--- Information supplied ---

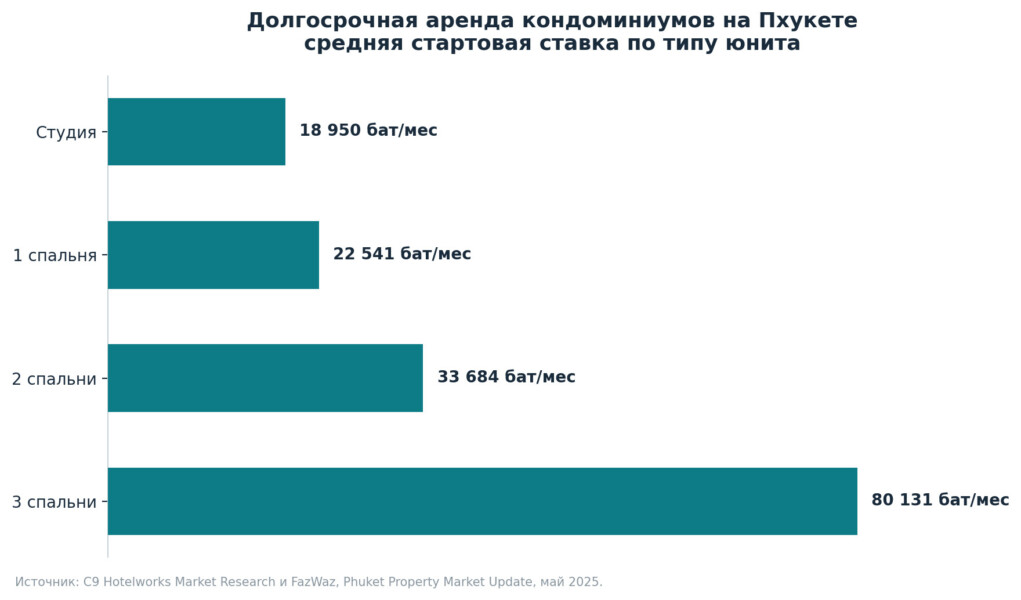Долгосрочная аренда кондоминиумов на Пхукете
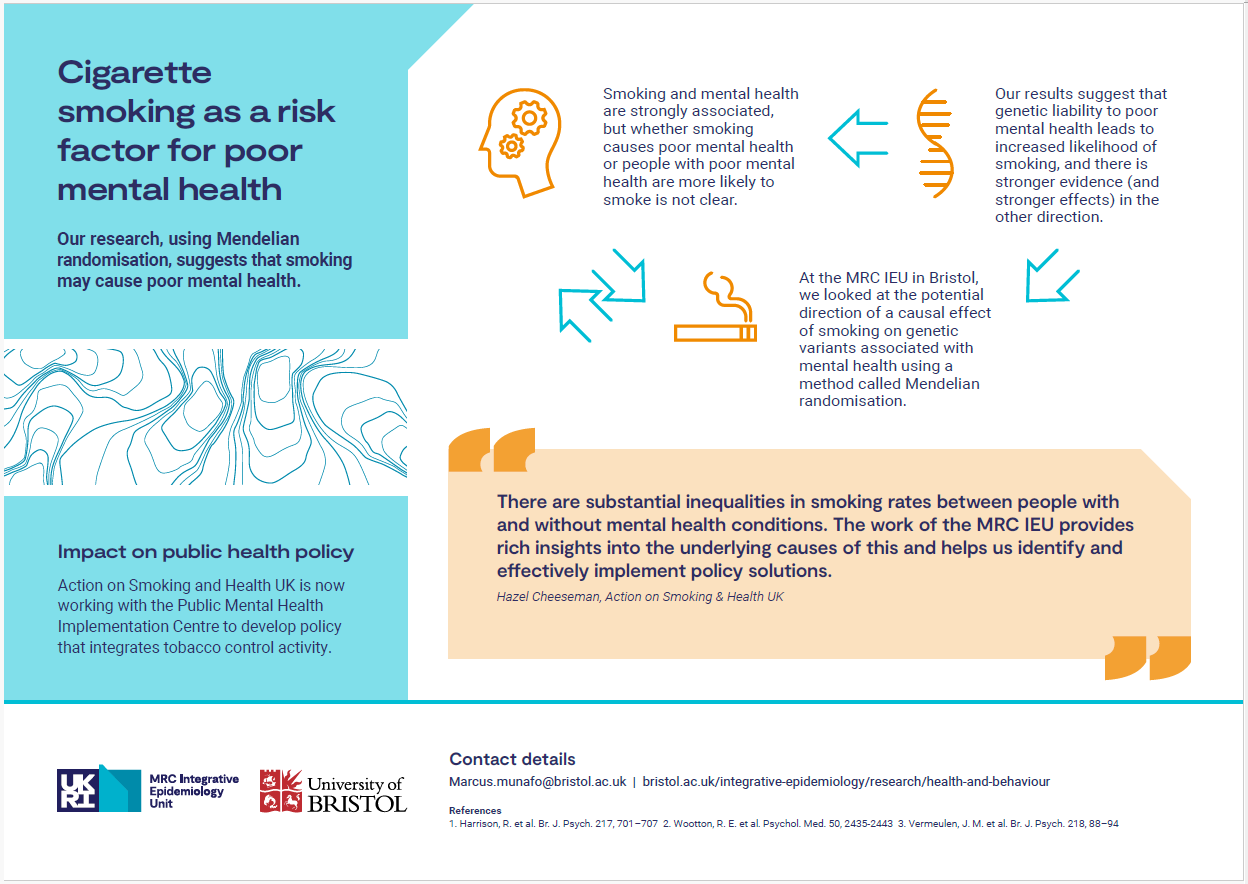 Infographic: Our research, using Mendelian randomisation, suggests that smoking may cause poor mental health.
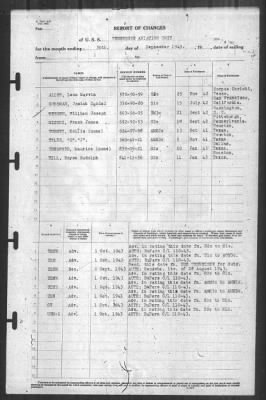 Thumbnail for Report of Changes > 30-Sep-1943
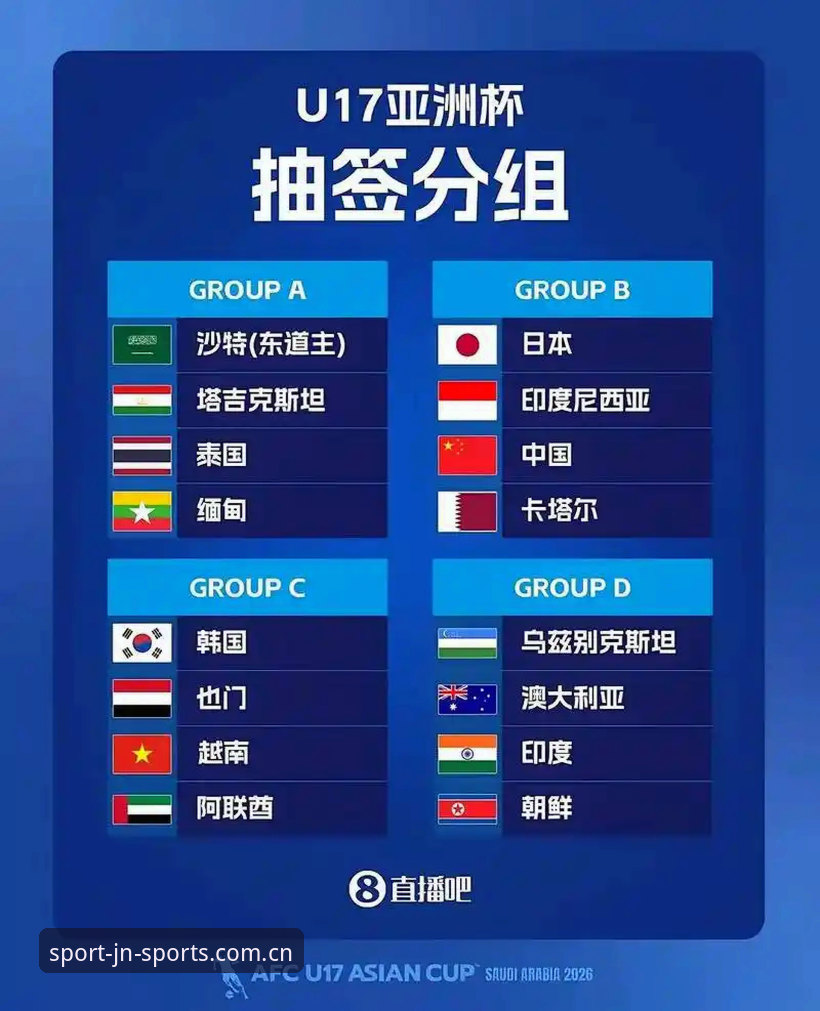 U17世界杯抽签结果出炉！中国男女足分组形势一览，江南体育平台深度解析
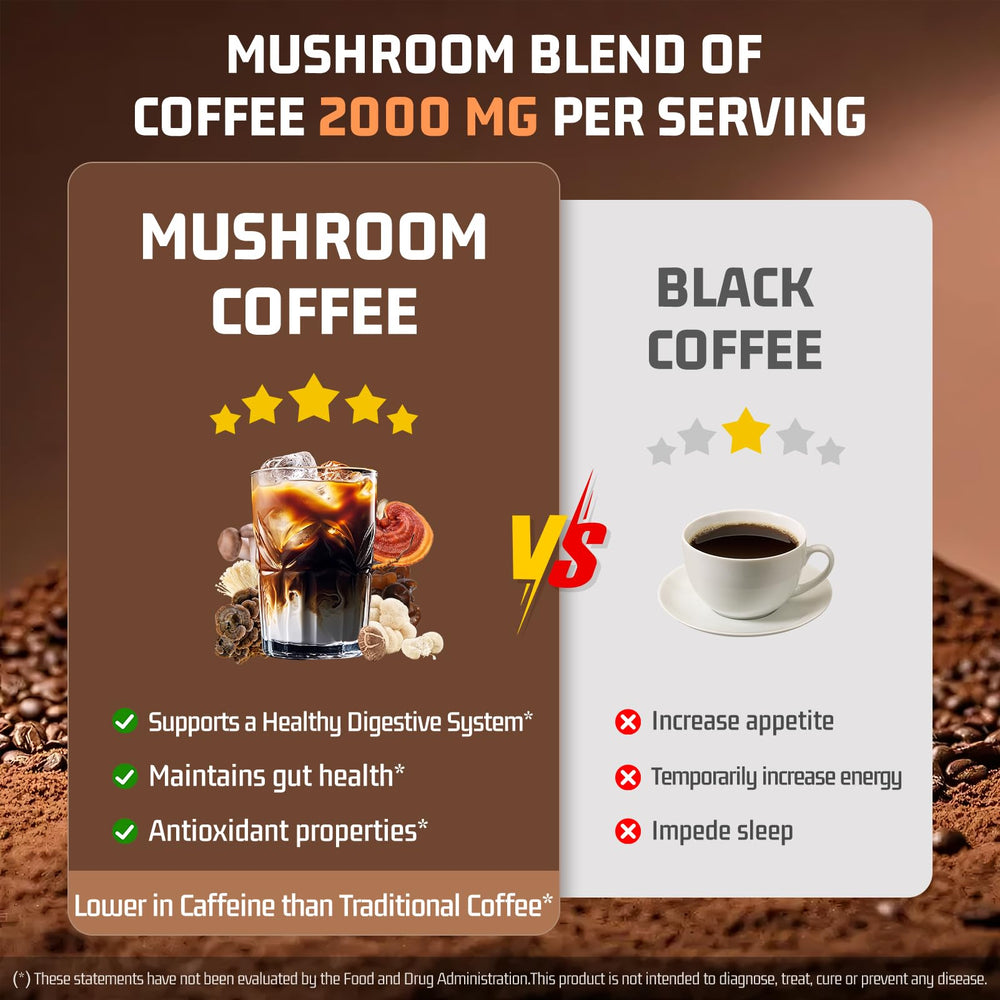 Nature Echo Arabica beans provide smooth, rich instant coffee flavor.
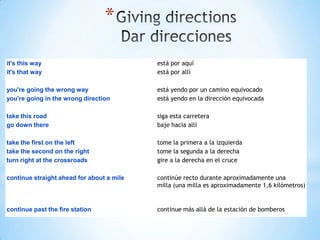 *
it's this way
it's that way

--- Task prompt ---
The records above must be echoed exactly, minus their pictures.

--- Written response ---
Долгосрочная аренда кондоминиумов на Пхукете
 Infographic: Our research, using Mendelian randomisation, suggests that smoking may cause poor mental health.
 Thumbnail for Report of Changes > 30-Sep-1943
 U17世界杯抽签结果出炉！中国男女足分组形势一览，江南体育平台深度解析
 Nature Echo Arabica beans provide smooth, rich instant coffee flavor.
 *
it's this way
it's that way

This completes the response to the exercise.